For decades issues of justice, equity, racism and inequality, as well as the agency and demands of movements from the global South and justice-focused activists in the Global North, have been deliberately marginalised and actively opposed by mainstream environmentalism. The dominant framework and theory of change has framed climate change mainly through the lens of carbon reductions – relegating questions of power, justice and the economic system to the bottom of the agenda – whilst focusing primarily on strategies of insider advocacy to tweak policies that would not challenge the status quo.
The climate justice movement in the Global North has often remained fragmented, mostly focusing on individual site battles and campaigns, and is still in the early stages building an approach to build collective power that can connect across other movements and sites of struggle.
Building intersectional coalitions, and bridging the divide between mainstream environmentalism and justice groups, including movements around racial justice and social justice, is key to achieving an economic transformation that not only tackles emissions, but also inequality and injustice.
Originally organising around COP26, the collective of organisations in the coalition realised that this work needed to go beyond Glasgow and beyond just organising around the COP process.
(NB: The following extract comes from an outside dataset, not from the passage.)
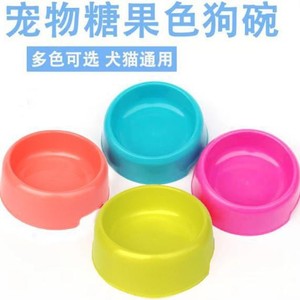 ชามอาหารสัตว์เลี้ยงพลาสติกสีลูกกวาดทรงกลมกันลื่นสำหรับสุนัขและแมว - Product Image 5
It requires a long term, broad coalition that could further the climate justice movement in a range of ways. Below are the structures and strategies the CJC has been developing to achieve this.
Coalition Aims and Principles
- Justice and equal protection for all
The coalition is building a broad, diverse and inclusive movement of movements across Britain and Ireland that is centred around Climate Justice and connected to Global movements. The coalition understands that all forms of oppression are intertwined, and achieving equitable solutions for climate change requires collective action that addresses issues related to economic, racial, gender, social, health justice, and workers’ rights.
- Community centred
The coalition’s foundations are building capacity in community coalitions, building collective power and leverage from the ground up: supporting local organising and integration with national groups, caucuses, and international perspectives.
- Equal representation
The Coalition should represent a range of constituencies across the breadth of Climate Justice, within our decision making bodies as well as on the ground.
- Increase visibility and amplify marginalised voices
We seek to lift up the voices of those underrepresented individuals or groups, and to ensure that their perspectives, experiences, and needs are heard and taken into account. The Coalition should not be dominated by well-resourced groups;
We are building a coalition where decision making is transparent and based on consensus.
- Radical Change
We work to actively challenge and disrupt business-as-usual to push for justice-based solutions that challenge systems at every level of government and society.
- Taking action
The coalition empowers and supports others to take action for climate justice. We lead by example and provide support and resources to help others get involved and make a difference. We understand the importance of collective action and seek to build momentum towards creating positive change.
Sharpen and challenge our collective thinking and vision for climate justice;
- Respect and care
The Coalition prioritises safe and regenerative spaces for organising. As we work towards creating a society that prioritises care and repair, we are dedicated to unlearning behaviours and beliefs that are harmful and to recognizing and respecting our own and others’ boundaries. We understand that this process requires ongoing reflection, education, and growth, and we are committed to supporting each other as we strive towards a more just and compassionate world.